LISTED ENTRIES –
^^^^^^^^^^^^^^^^

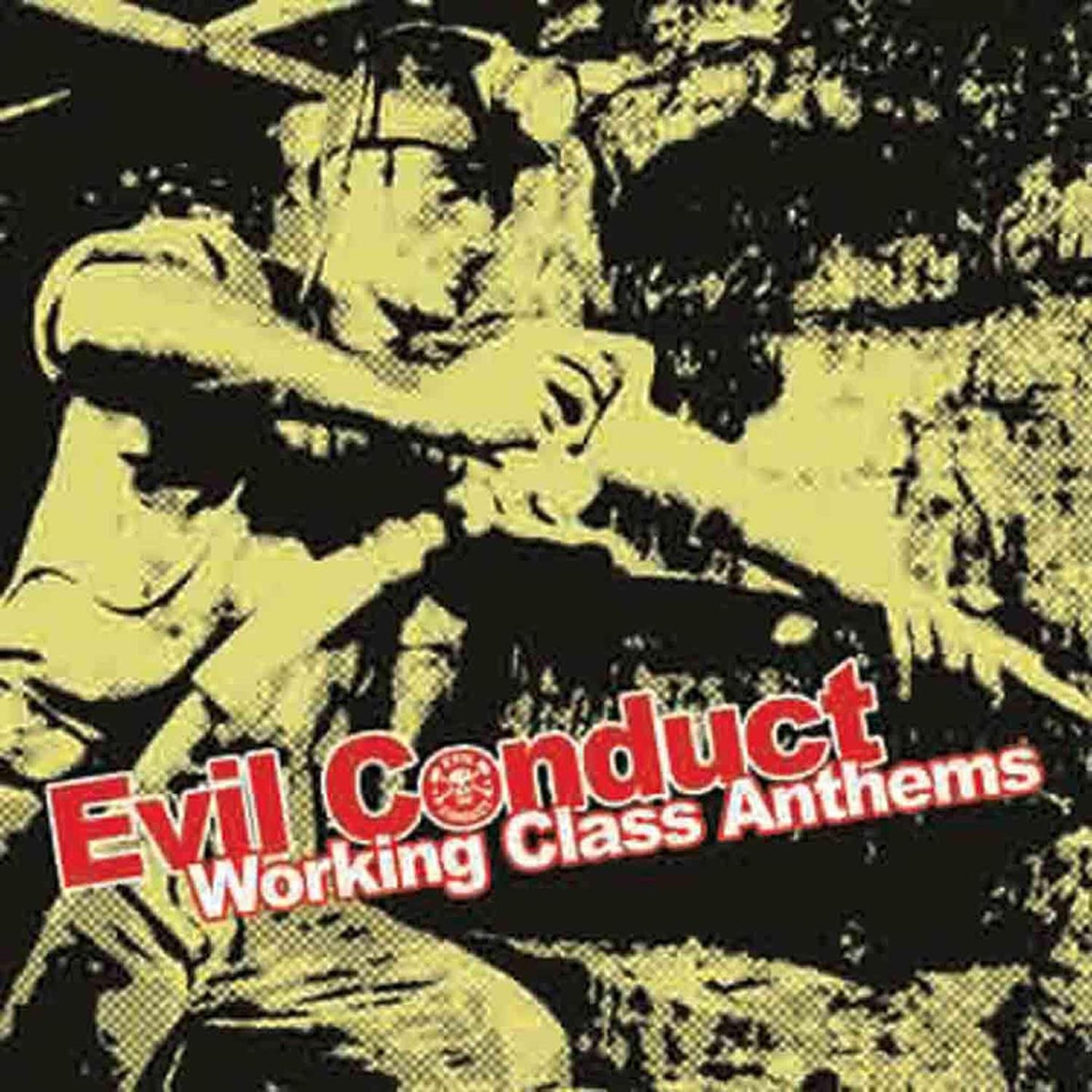Релиз Working Class Anthems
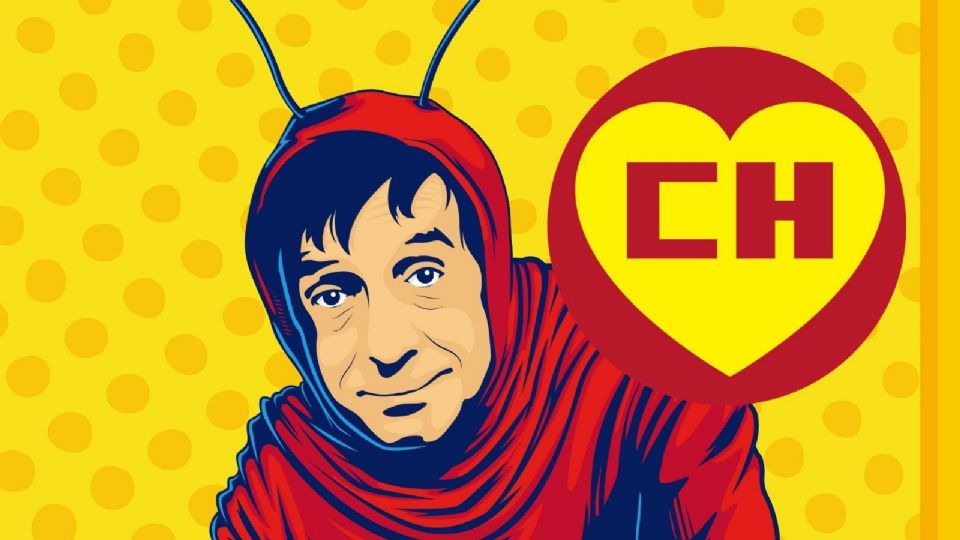 El Chapulín Colorado es un personaje icónico de México.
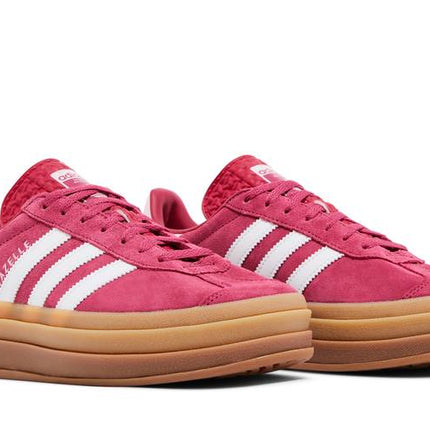 Adidas Gazelle Bold Wild Pink - ID6997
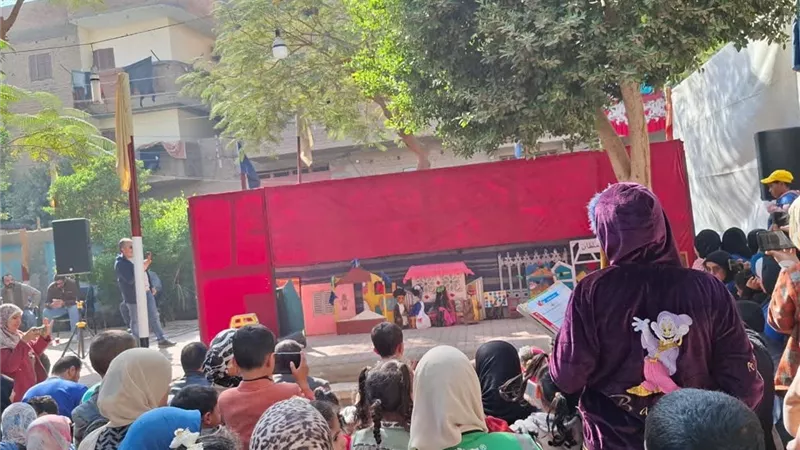 محافظ أسيوط: أوبريت 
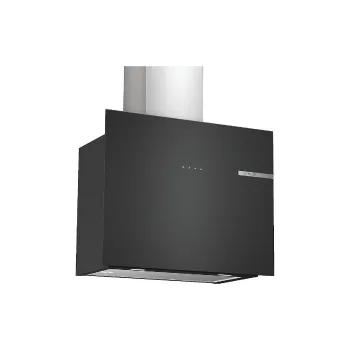 غطاء الشفاط Bosch, Black (DWF65AJ60T)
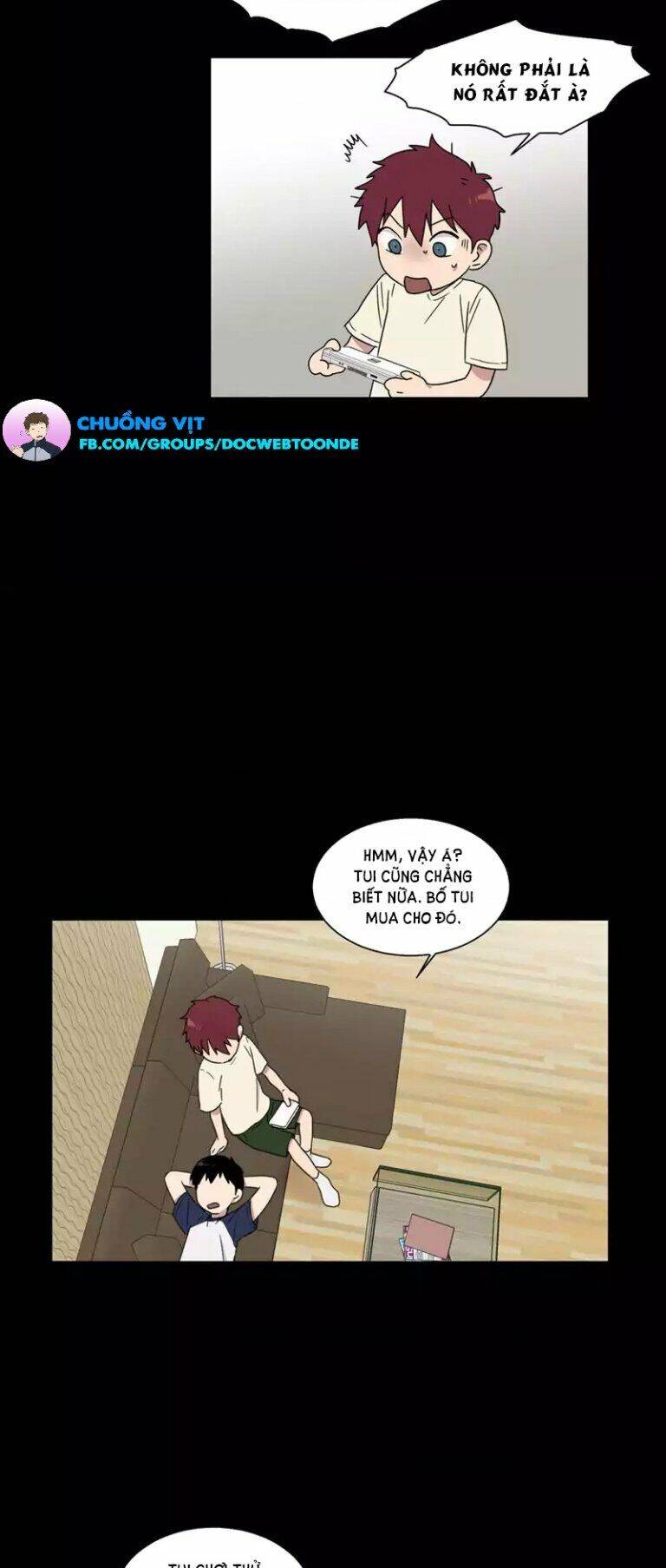 …”Một Sự Thật Khá Khó Chịu.”: Chapter 34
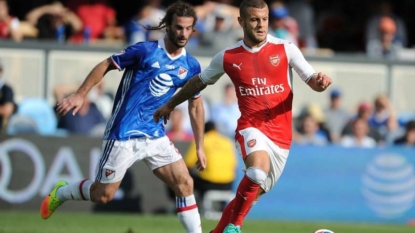 Roma quoted significantly higher fee for Jack Wilshere than Bournemouth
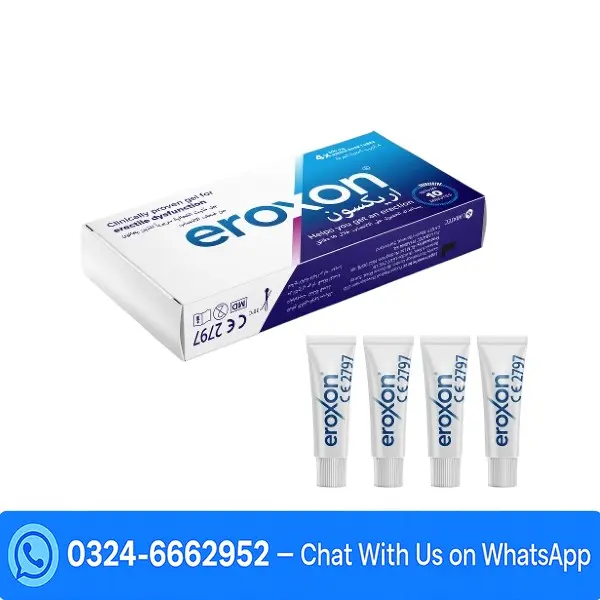 Eroxon Gel In Pakistan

^^^^^^^^^^^^^^^^

Strip out the pictures and repeat the listing above exactly.

RESPONSE AREA –
Релиз Working Class Anthems
 El Chapulín Colorado es un personaje icónico de México.
 Adidas Gazelle Bold Wild Pink - ID6997
 محافظ أسيوط: أوبريت 
 غطاء الشفاط Bosch, Black (DWF65AJ60T)
 …”Một Sự Thật Khá Khó Chịu.”: Chapter 34
 Roma quoted significantly higher fee for Jack Wilshere than Bournemouth
 Eroxon Gel In Pakistan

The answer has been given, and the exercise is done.